Your assignment ::
Every line below from the one with "4 Bedroom Property" through the one with "Maren Westphal beim Malen in einem Malkurs" should be retyped exactly, both ends included; no other lines and no pictures.

Data supplied ::
BEGIN

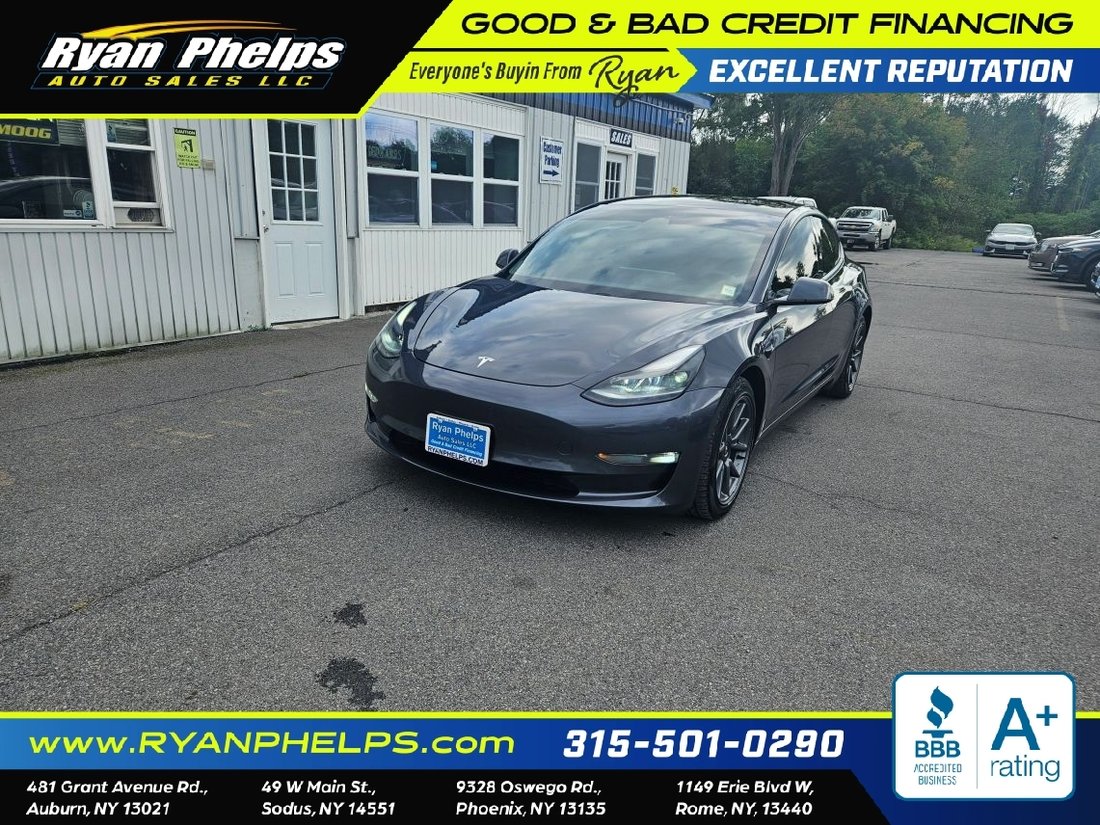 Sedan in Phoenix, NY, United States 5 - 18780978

END
BEGIN

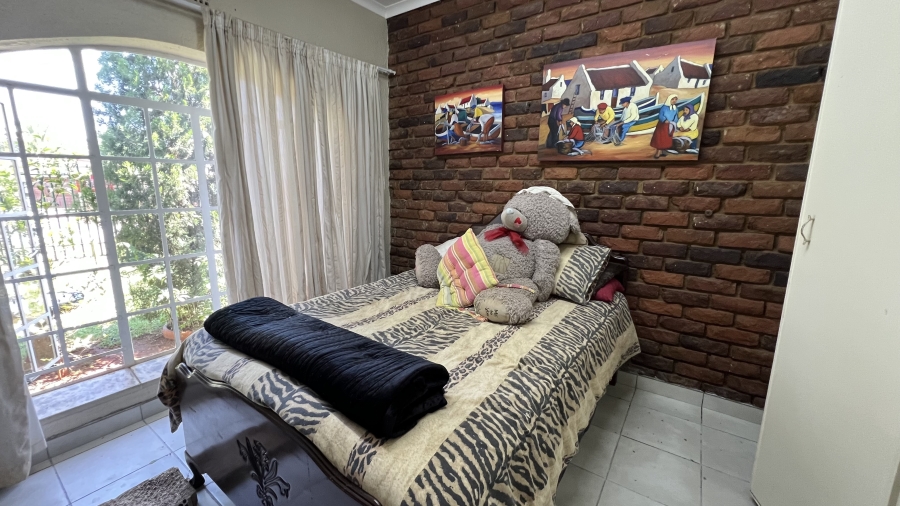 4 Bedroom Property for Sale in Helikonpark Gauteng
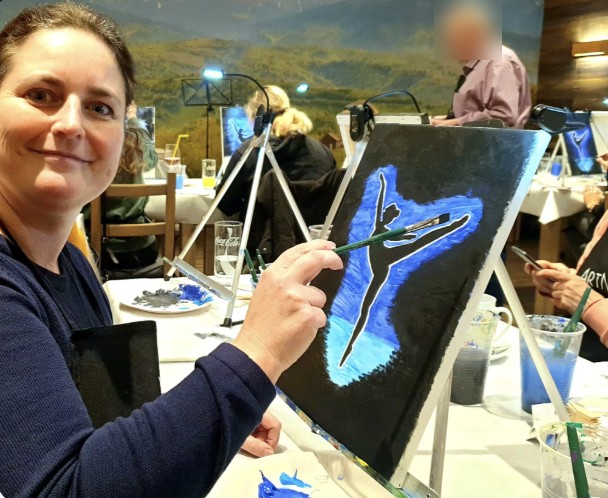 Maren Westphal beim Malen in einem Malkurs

END

Response ::
 4 Bedroom Property for Sale in Helikonpark Gauteng
 Maren Westphal beim Malen in einem Malkurs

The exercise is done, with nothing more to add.